S-FABLE and LS-FABLE: Fast approximate block-encoding algorithms for unstructured sparse matrices

TL;DR

This paper introduces two efficient quantum algorithms, S-FABLE and LS-FABLE, for approximate block-encoding of unstructured sparse matrices, significantly reducing quantum and classical resource requirements compared to previous methods.

Contribution

The paper presents novel modifications of the FABLE algorithm tailored for sparse matrices, achieving favorable scaling and resource efficiency in quantum circuit implementations.

Findings

S-FABLE requires approximately O(N) rotation gates for matrices with O(N) nonzero entries.

LS-FABLE reduces classical overhead by directly implementing sparse matrix entries.

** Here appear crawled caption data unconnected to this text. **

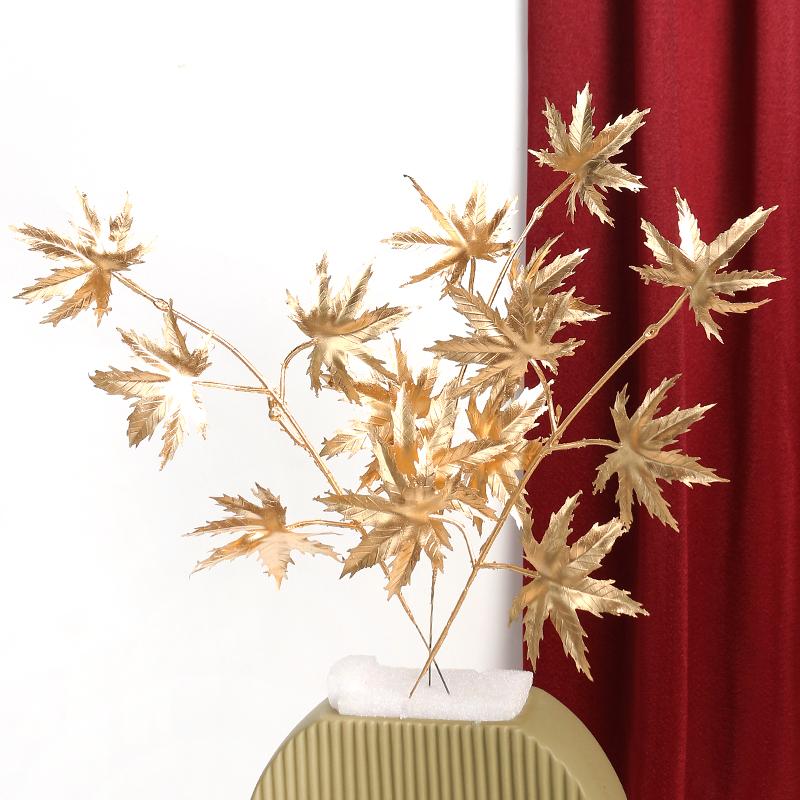 

3/5Pcs Golden Artificial Flowers Bouquet for Home Decor New Year Christmas Party Decoration DIY Vase Ornaments Plant Accessories 3Pcs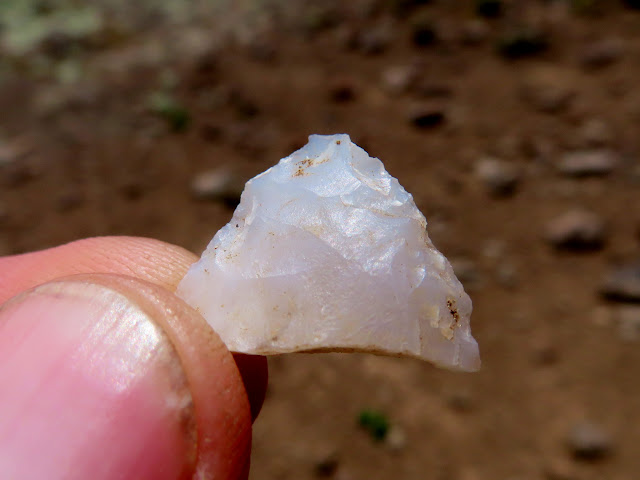 Ooh, a pretty rock!  Broken arrowhead found at about 11,050' elevation in Lake in the Flat Meadow.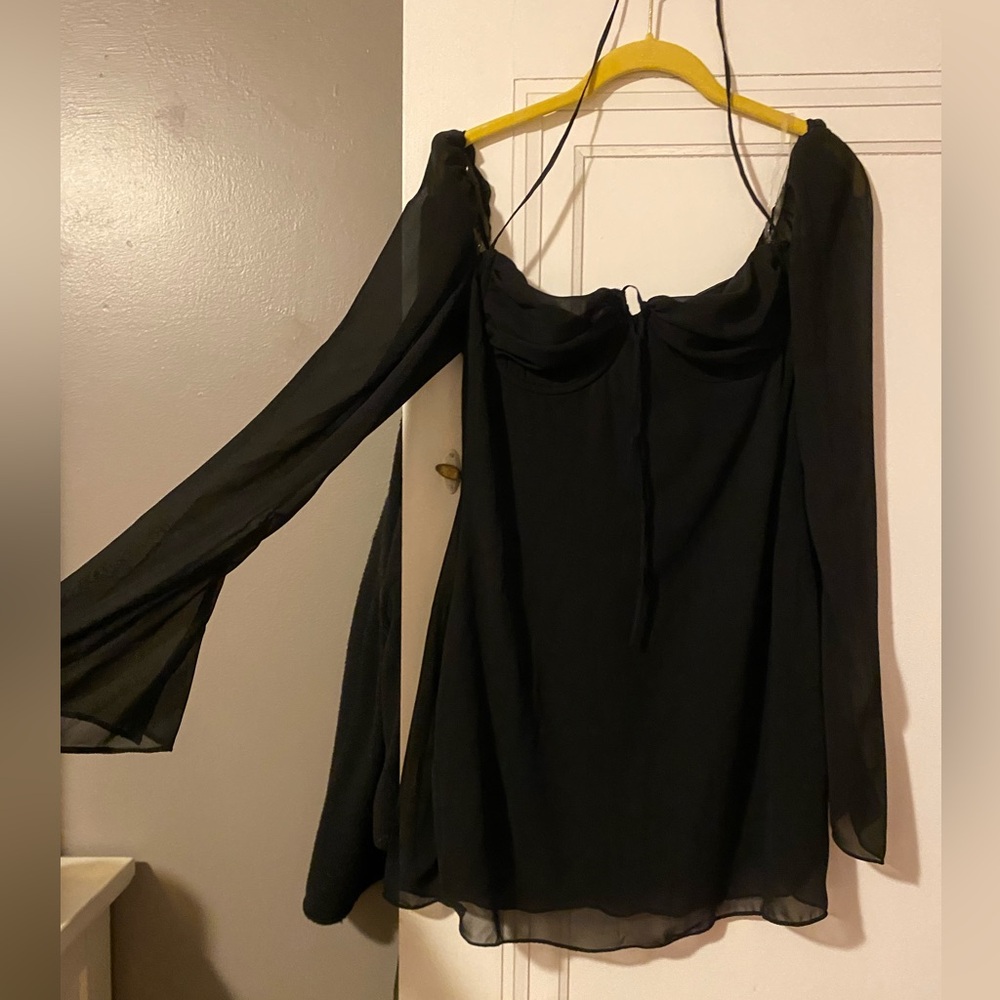 House of CB Babydoll Georgette Halter Minidress L+ Black Corset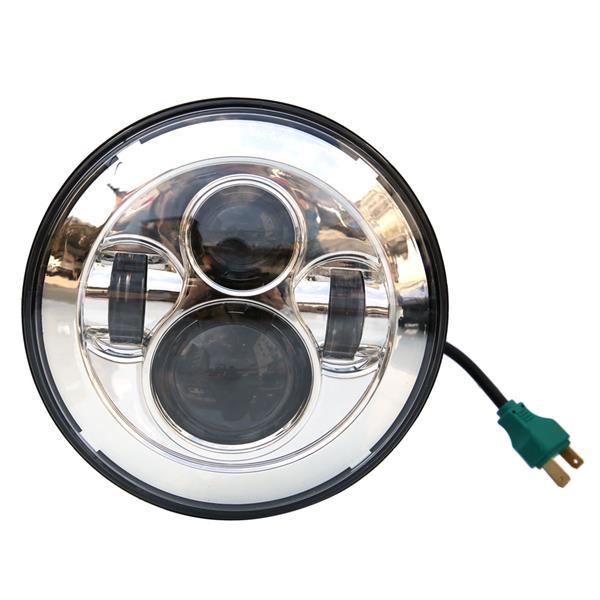 7" 4-LED 6500K White Light IP67 Waterproof LED Headlight for Vehicles Black & Chrome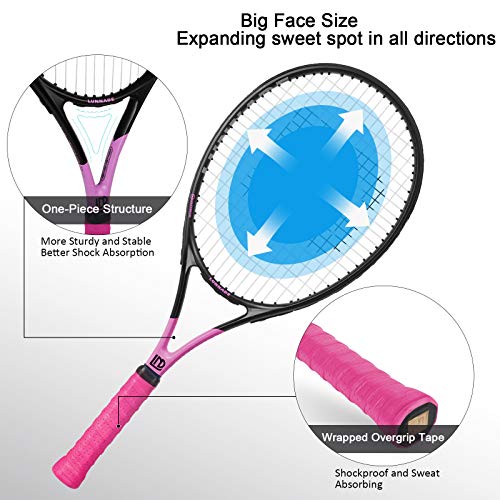 Lunnade Adults Tennis Racket 27 Inch, Shockproof Carbon Fiber Tennis Racquet Light-Weight, Pre-Strung And Regrip, Suitable For Beginners To Intermediate Players #TOP1
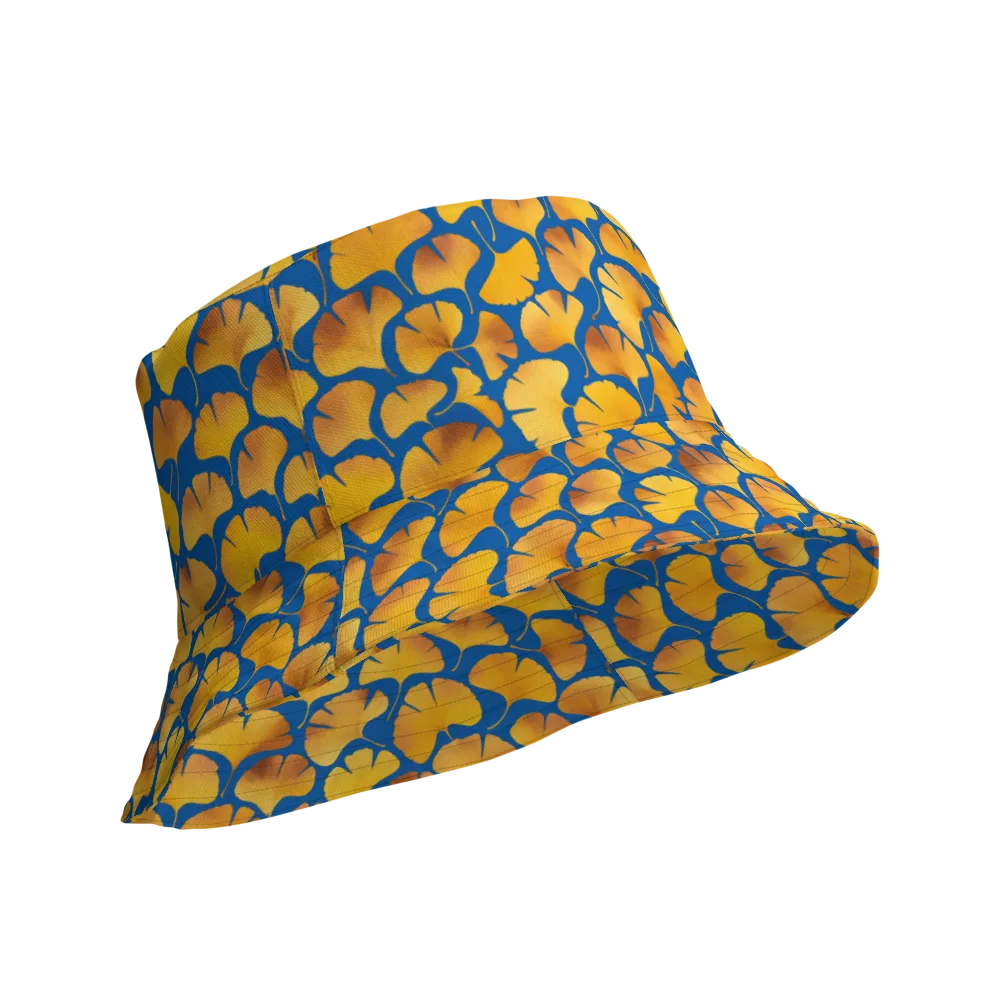 Blue Ginkgo on Reversible Bucket Hat — Product details Outside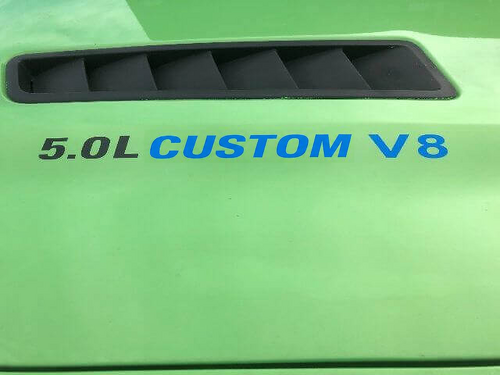 5.0L CUSTOM V8 Hood Vinyl Decal Set for Musclecar (Coyote V8)
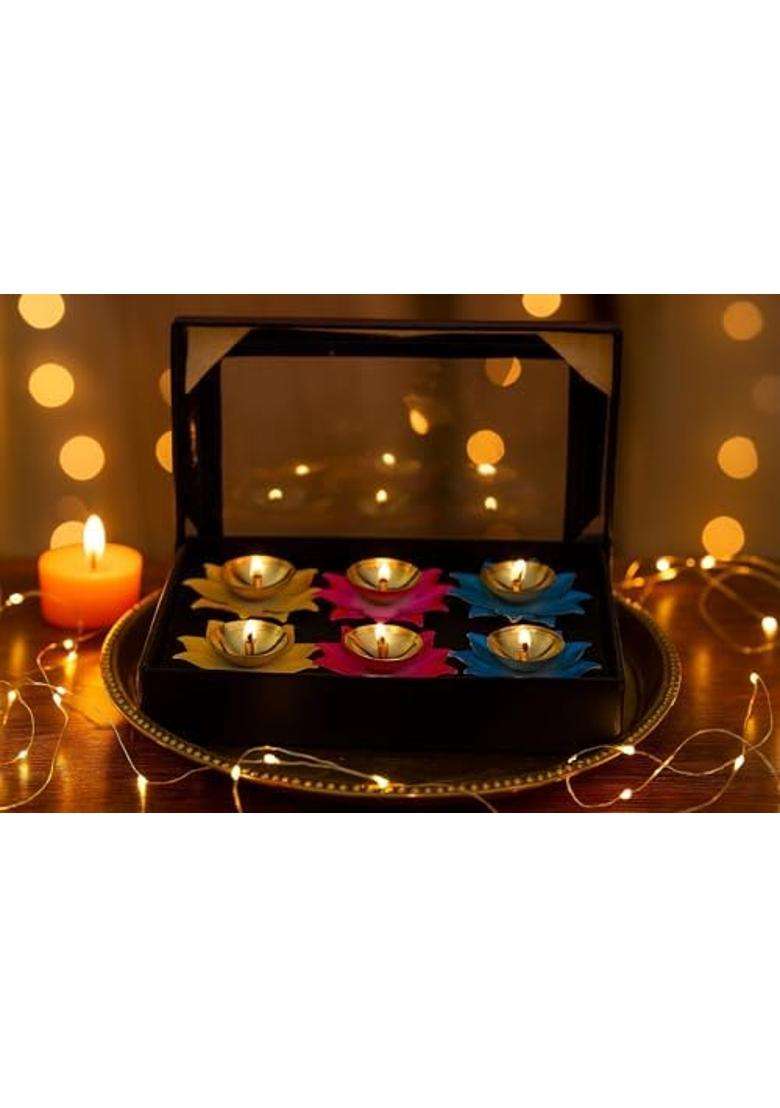 Amazon Brand Solimo Brass Iron Jyot Multicolor Leaf Design Oil Lamps for Puja Set of 6 - Indya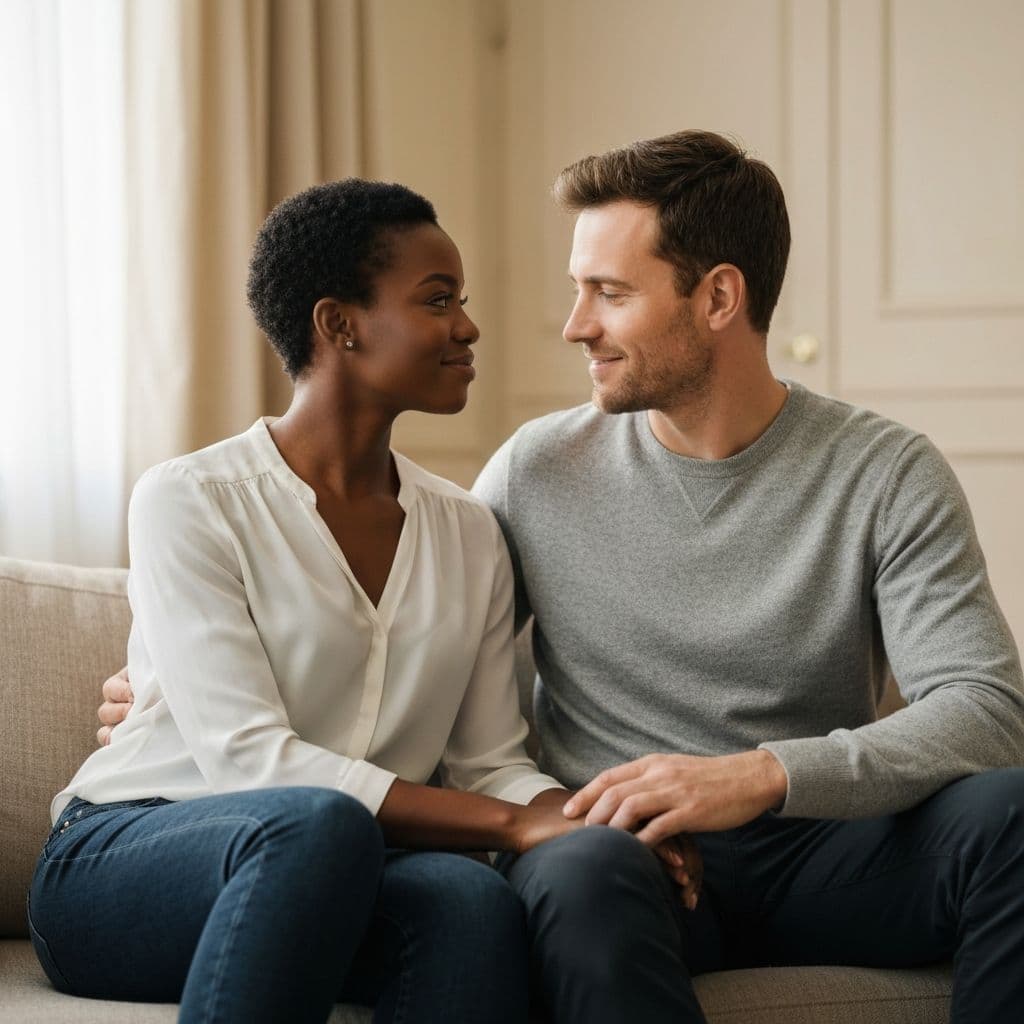 Mixed-race couple in love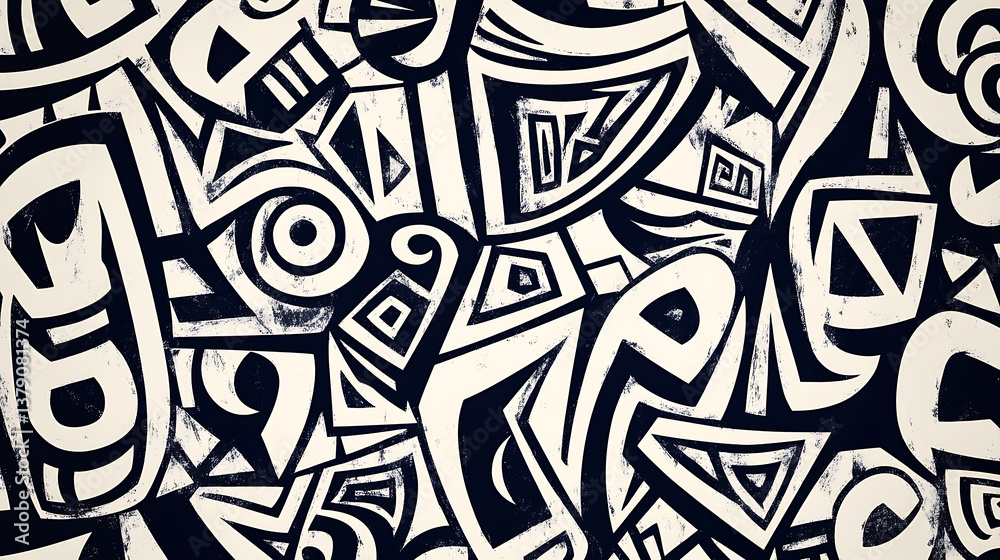 Poster pattern with digital ink drawings design incorporates black and white, creating an abstract tribal p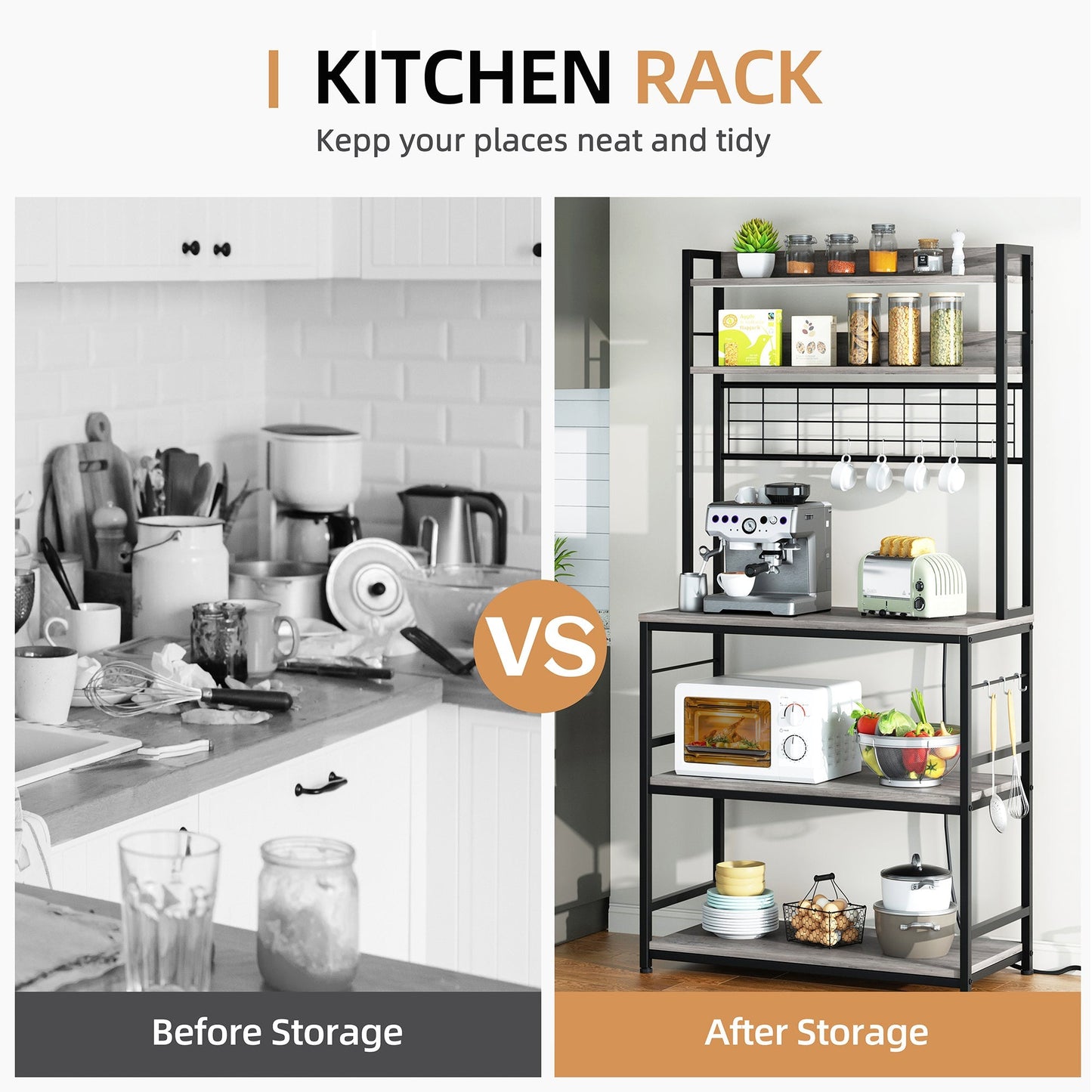 Walsunny Kitchen Bakers Rack with Power Outlet, Coffee Bar Table 3Tiers （Clearance）
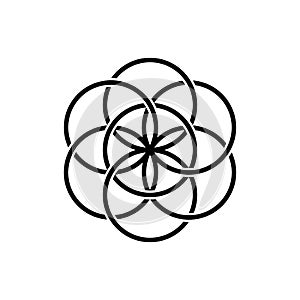 Seed of life, isolated vector symbol of sacred geometry photo
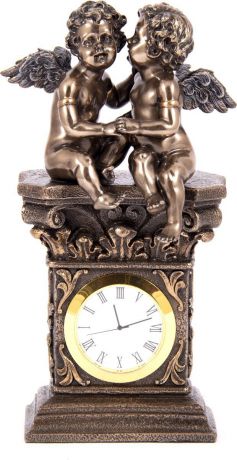 Часы настольные Русские Подарки "Ангелочки", 227613, бронза, 11 х 7 х 20 см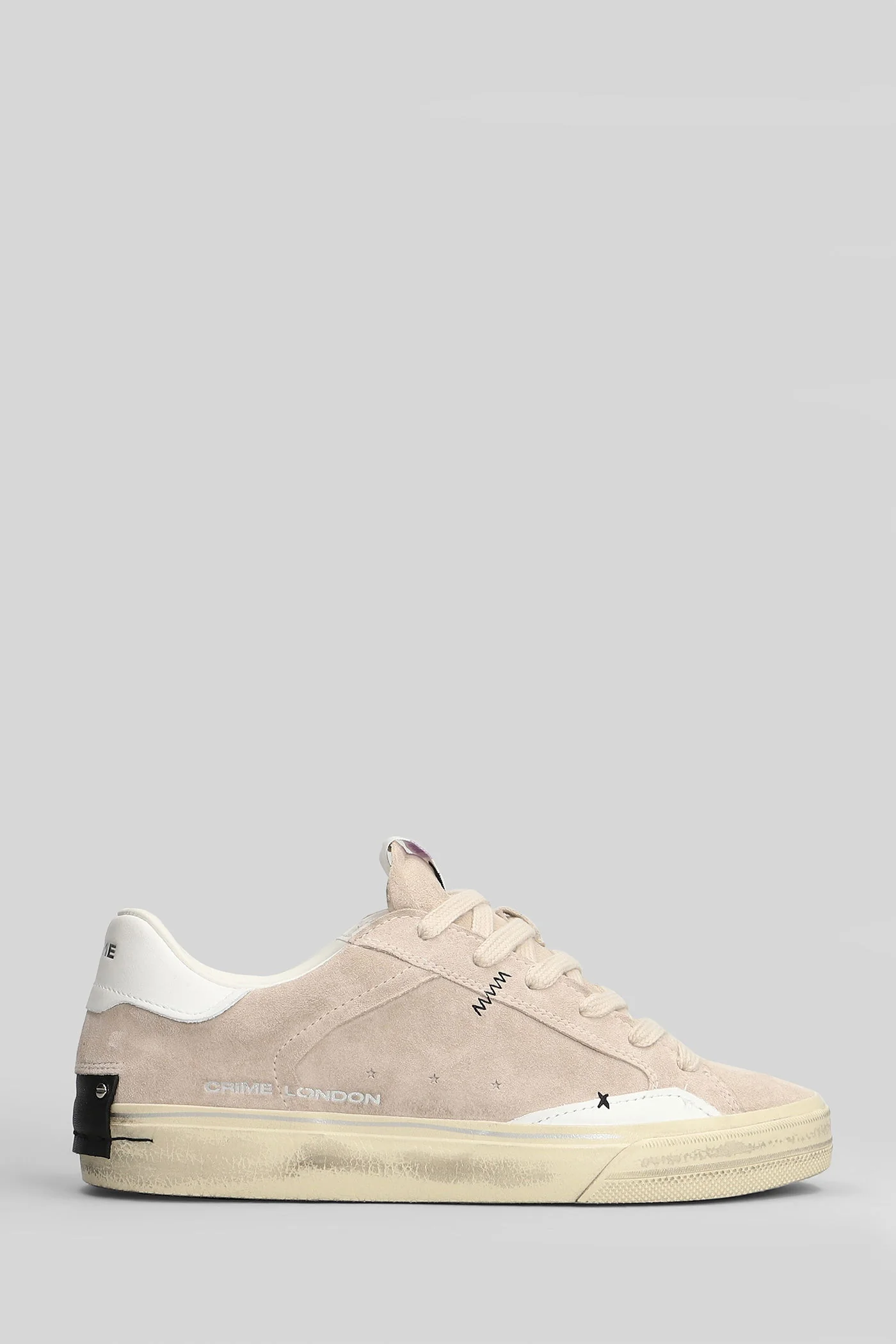 Distressed Sneakers in beige suede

Both methods demonstrate favorable scaling and resource reduction in quantum circuit complexity.

Abstract

The Fast Approximate BLock-Encoding algorithm (FABLE) is a technique to block-encode arbitrary $N\times N$ dense matrices into quantum circuits using at most $O(N^2)$ one and two-qubit gates and $\mathcal{O}(N^2\log{N})$ classical operations. The method nontrivially transforms a matrix $A$ into a collection of angles to be implemented in a sequence of $y$-rotation gates within the block-encoding circuit. If an angle falls below a threshold value, its corresponding rotation gate may be eliminated without significantly impacting the accuracy of the encoding. Ideally many of these rotation gates may be eliminated at little cost to the accuracy of the block-encoding such that quantum resources are minimized. In this paper we describe two modifications of FABLE to efficiently encode sparse matrices; in the first method termed Sparse-FABLE (S-FABLE), for a generic unstructured sparse matrix $A$ we use FABLE to block encode the Hadamard-conjugated matrix $H^{\otimes n}AH^{\otimes n}$ (computed with $\mathcal{O}(N^2\log N)$ classical operations) and conjugate the resulting circuit with $n$ extra Hadamard gates on each side to reclaim a block-approximation to $A$. We demonstrate that the FABLE circuits corresponding to block-encoding $H^{\otimes n}AH^{\otimes n}$ significantly compress and that overall scaling is empirically favorable (i.e. using S-FABLE to block-encode a sparse matrix with $\mathcal{O}(N)$ nonzero entries requires approximately $\mathcal{O}(N)$ rotation gates and $\mathcal{O}(N\log N)$ CNOT gates). In the second method called `Lazy' Sparse-FABLE (LS-FABLE), we eliminate the quadratic classical overhead altogether by directly implementing scaled entries of the sparse matrix $A$ in the rotation gates of the S-FABLE oracle. This leads to a slightly less accurate block-encoding than S-FABLE, while still demonstrating favorable scaling to FABLE similar to that found in S-FABLE.